■ Task item ■
Skip the pictures. Transcribe exactly the lines from the line containing "England celebrate victory" to the end of the listing.

■ Data block ■
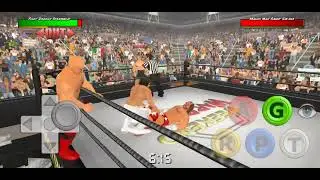 Macho man with Ms Elizabeth Rip😇 vs Ricky steam boat with  George Animal Steele Wrestlemania 3 1987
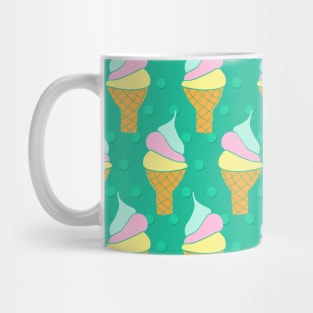 Soft Ice Cream Cones on Green Polka Dots Mug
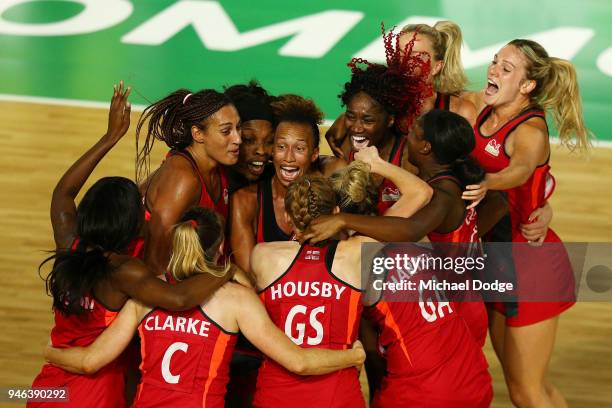 England celebrate victory in the Netball Gold Medal Match on day 11 of the Gold Coast 2018 Commonwealth Games at Coomera Indoor Sports Centre on...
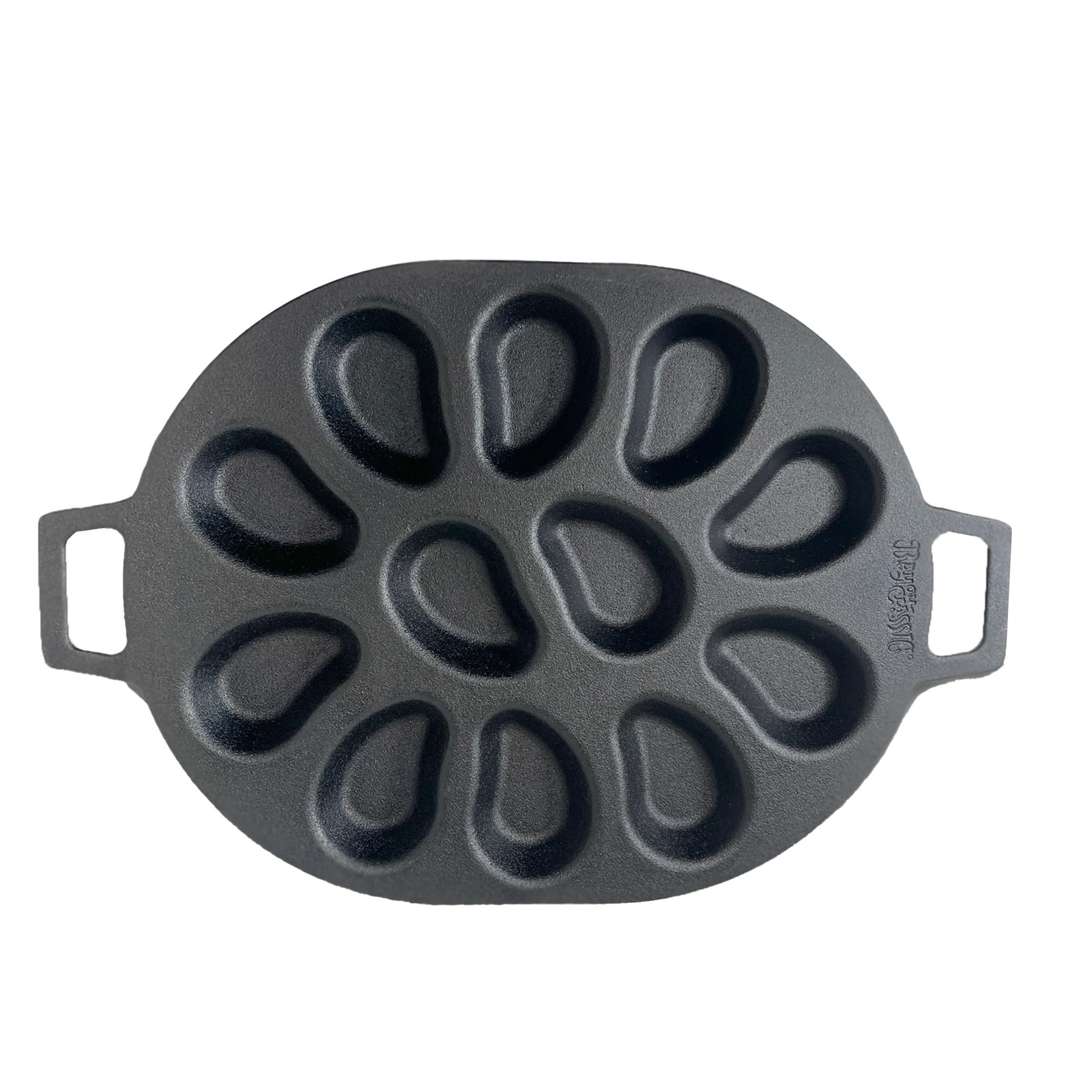 Bayou Classic Cast Iron Shellfish Shaped Oyster Grill Pan for 12 Clams, Black - VMInnovations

■ Task result ■
 England celebrate victory in the Netball Gold Medal Match on day 11 of the Gold Coast 2018 Commonwealth Games at Coomera Indoor Sports Centre on...
 Bayou Classic Cast Iron Shellfish Shaped Oyster Grill Pan for 12 Clams, Black - VMInnovations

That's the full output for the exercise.